Fast forward - It's a month since the Auction, and I'm looking at the 180SL, and the 220SL that need a little sprucing up. Both mowers have Honda engines and run great, the 180 needed a new pull cord (notice it tied to the handle in the picture), and both carbs were cleaned days after I got them home. They and cut paper with no adjustments, but are seriously in need of a backlapping. The 180SL was bogging down a little on drive w/reel engagement, but that was quickly resolved with fresh grease all around. The plan for the 220SL is to swap out the reel and bedknife for a higher cut in the .50" to 1.25" range. It's settled, the 220SL will be overhauled first.



Not long into the tear down, the reel and bedknife are off, and I'm making good progress. I'm checking other items like the groomer and the front roller. The groomer is begging for me to crack it open, so I do, and the front roller has surface rust needing some elbow grease. I pump new grease into the roller for it to only eject muddy water and old grease randomly. It's at this point that I ask myself, why don't I just do this right and tear it down and renew as much as I can while I'm at it. I have no good answer, I'm looking at some rust spots on the frame, belts that should be changed out requiring the engine be pulled, and bearing grease that was applied a little too liberally at every grease zert.

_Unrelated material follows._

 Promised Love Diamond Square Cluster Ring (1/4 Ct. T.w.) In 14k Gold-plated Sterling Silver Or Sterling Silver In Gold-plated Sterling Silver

And since I was beginning to clutter up the JD Reel Mower Questions thread, I figured I might as well centralize this. Heck I will probably need to reference the pictures to get all of the nuts and bolts back in the right place.

The X300 in the background just had its carb cleaned due to a low RPM surge that had developed.



I've already overhauled these HOC adjusters.



Looking to switch to a 7 or 9 Blade fairway setup.



Only about 1/10 of the grease remains at this point. I have a pile of blue towels in the corner to prove it. Brush groomer in the background.



Honda Power, after the carb cleaning, she starts on the first pull, and runs smooth.



*Here's the tipping point.* The reel is off, the handle bar is off, the engine is off, and I'm looking at parts that are just begging to be renewed.

*Well, if we're going to do this, then let's do it RIGHT. Here we go!*







Even with the Roller off now, I'm still working on getting this nut off.



The Roller is in really good shape, and moves freely.



Rust Removal



A Hornet mud nest under the cowling.



Best inventory system I could come up with. Many of the parts have gone through the Gunk parts cleaner and Evapo-Rust baths.



*I hope you enjoy the Ride.

Cheers!*


----------



## walk1355 (May 31, 2018)

cool. I purchased 6 at that same auction. Were you there? We may have spoken to eachother and not realized it!


----------



## TonyC (May 17, 2018)

Yes, I was there twice! I bought these two in the mid morning loaded up and headed home. Later that evening I checked the Aution only to learn that I won the TC-22. I had a teaser online bid on it, but had kissed it off because earlier a TC-22 went for over $500. I think many of the participants had gotten tired and threw in the towel by the time mine came up around 10pm. After winning it I bought the Salvage TC-22 for $35.


----------



## TonyC (May 17, 2018)

> Soliciting any and all advice on how to get this nut off. Service manual says Axle Sprocket Retaining Nut Torque 80lb-ft. That and a little rust has me worried about keeping a wrench on it. I put some Penetrating oil and a torch to it yesterday. It's being stubborn.




@crussell Quoted...


> Silly question, it's not reverse thread is it?
> 
> Are you having trouble holding the sprocket/shaft? Or do you have it secured and just are worried about applying too much force?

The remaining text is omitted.